Have you gave Softube's Bass Amp Room a shot? I seem to be using it more and more on bass, generally as either an all around clean/lightly driven sound or as the low end fundamental for a modern split channel tone. 

For distortion/grind I just use whatever (TSE BOD, FabFilter Saturn, etc), EQ out the lows beforehand, and then run it into the POD Farm 1x15 Jazz Cab. 

If I do use an external bass cab IR, it's generally one from this free pack I found online of a VL-1002, SVT-810e, and Eden 4x10XLT. However, since most of the time I'm doing a split channel approach, I'll just use whatever stock cab is in Bass Amp Room or no cab at all for the lows.


----------



## Dantas (Apr 8, 2017)

I use the Emissary head from Ignite Amps, with a free Rosen IR, and I love the sound...but it helps that I use a Boss Power Stack pedal boosted by an OD and a Decimator gate in front of it, and don't use the amps dirty channel....highly recommended to use some distortion or OD pedals instead the VSTs dirty channel, so you can get a more organic sound.


----------



## niffnoff (Apr 9, 2017)

Masoo2 said:


> The problem with this is that I don't feel that we should "have" to use external IRs with an amp sim. With the amount of money some of these sims cost, you should except the cab models to be at least decent sounding.
> 
> That's why I tend to hate on BIAS so much. The stock IRs in it are nowhere near comparable to those found in TSE X50, TH3, or even POD Farm/JST stuff. They seem like a complete afterthought that just completely destroys the experience of using BIAS as someone who has gotten a little tired of using external IRs.
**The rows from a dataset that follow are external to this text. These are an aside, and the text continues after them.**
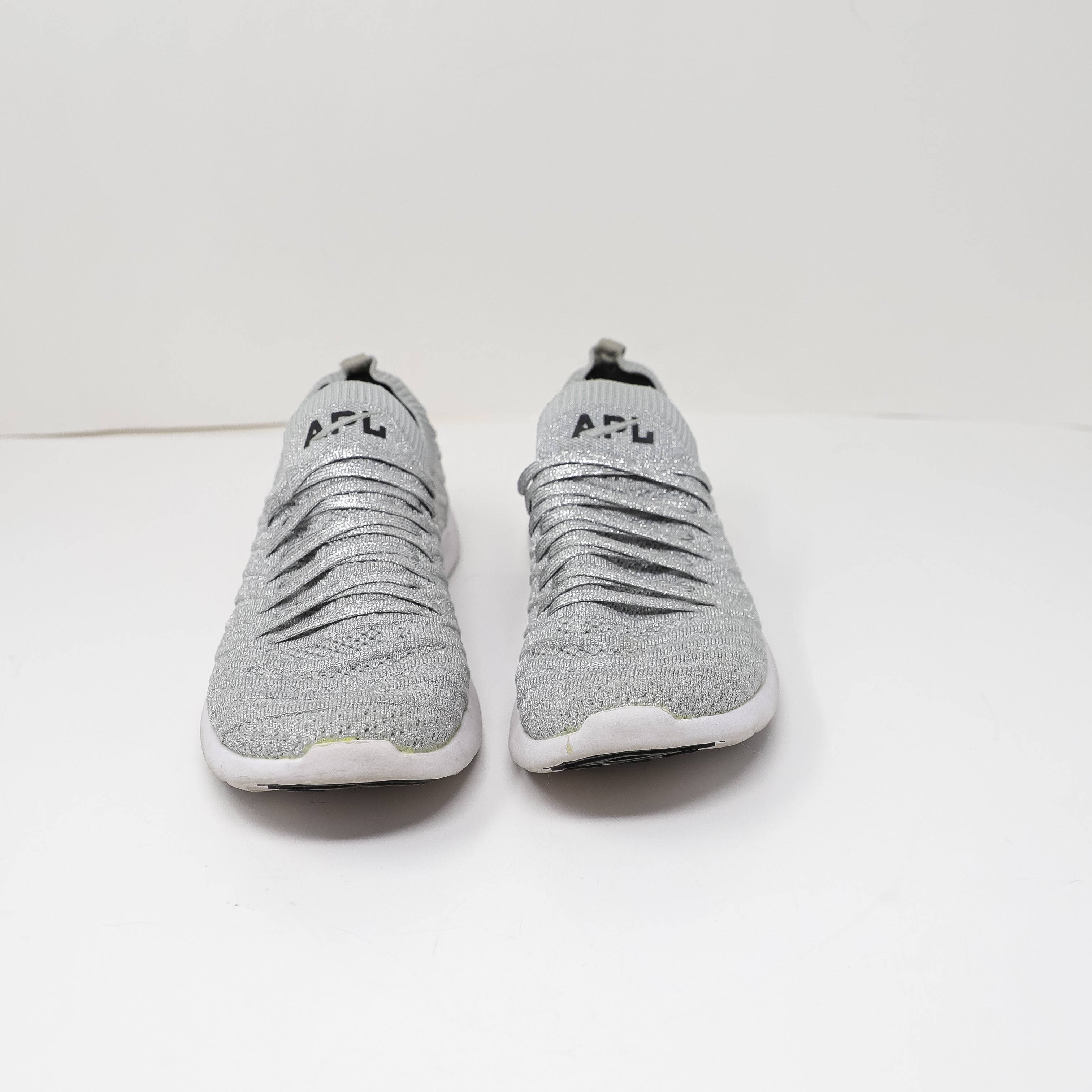 APL Women's Techloom Wave Low Top Lace Up Sneakers Shoes Silver Metallic Gray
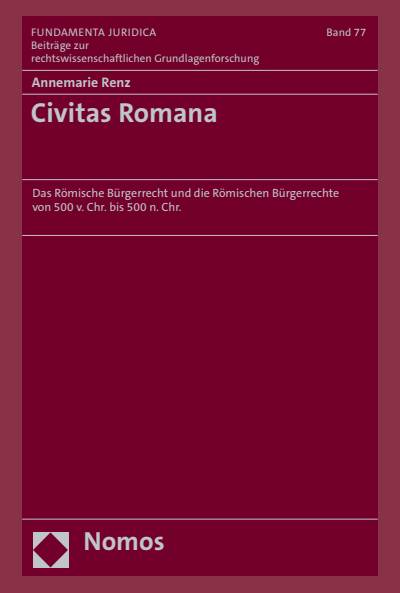 Cover des Buchs: Civitas Romana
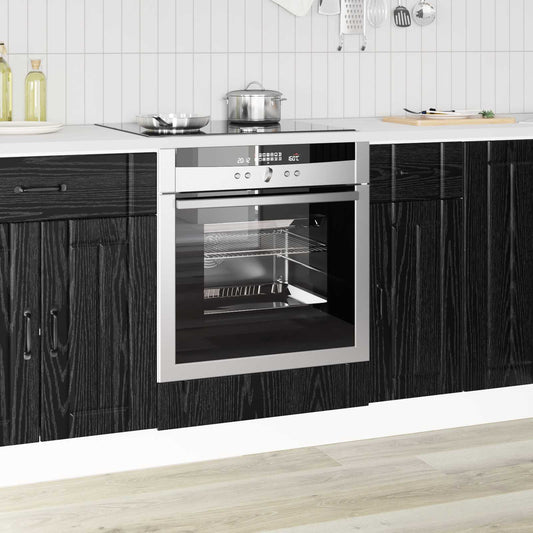 vidaXL Ντουλάπι φούρνου LUCCA Μαύρη Δρυς 60 x 46 x 81,5 εκ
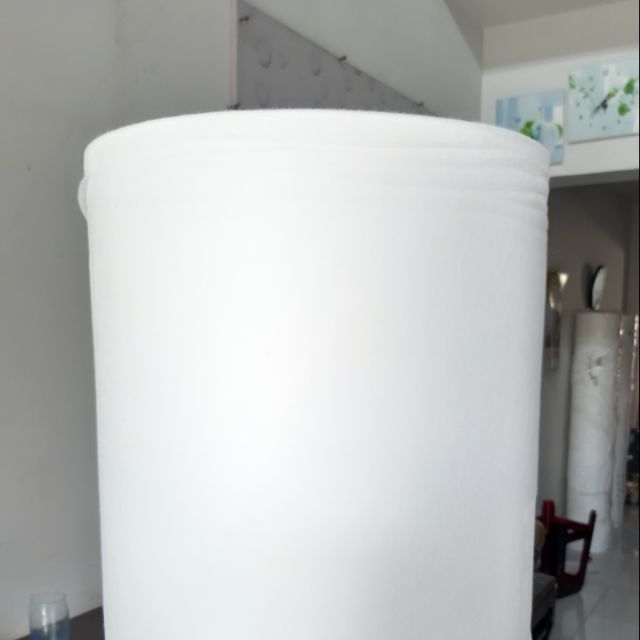 Combo 10m vải không dệt may kt,khổ vải 0 8 màu trắng xanh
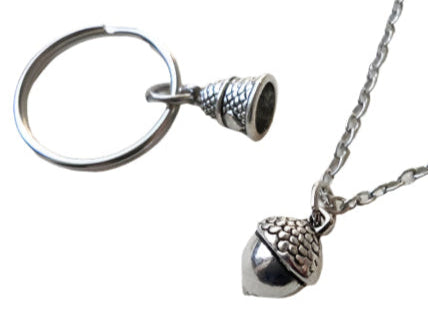 Acorn Necklace & Thimble Keychain: Peter Pan Kiss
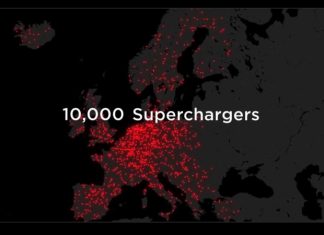 Tesla відзначає встановлення 10 000 зарядних станцій в Європі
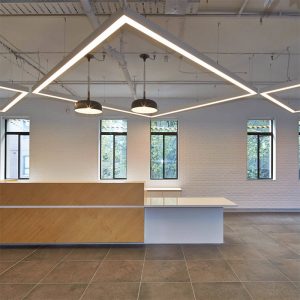 square shape led pendant light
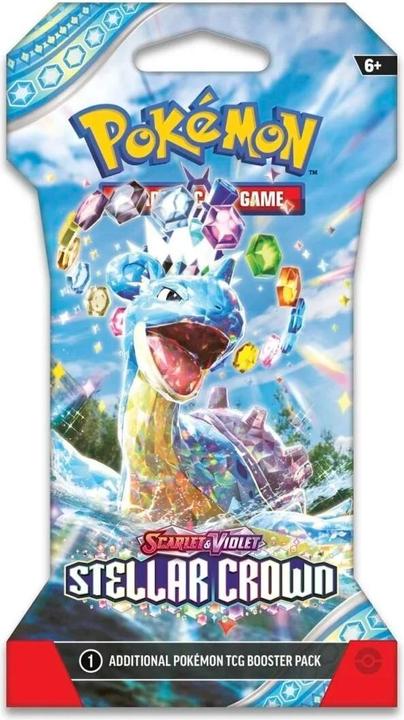 Produktbild Pokémon Stellar Crown (Englisch, Sleeved Booster Pack)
I think the argument that could be made here is this:

Do you think when it came down to it, they spent more time researching the amp behavior itself over the cab? Or, do you think guitarists really just use one cab in their life time. Sometimes, people will want to use a different microphone that you don't have at xyz angle.

Third party IR's are popular because they have EVERY single option with microphones that these amp sims may not have the time to implement. POD Farm's IR's were .... back in the day, once I heard of LeCab and IR's it gave me new options that Pod Farm never gave me until it's stock crap was gone from my life haha.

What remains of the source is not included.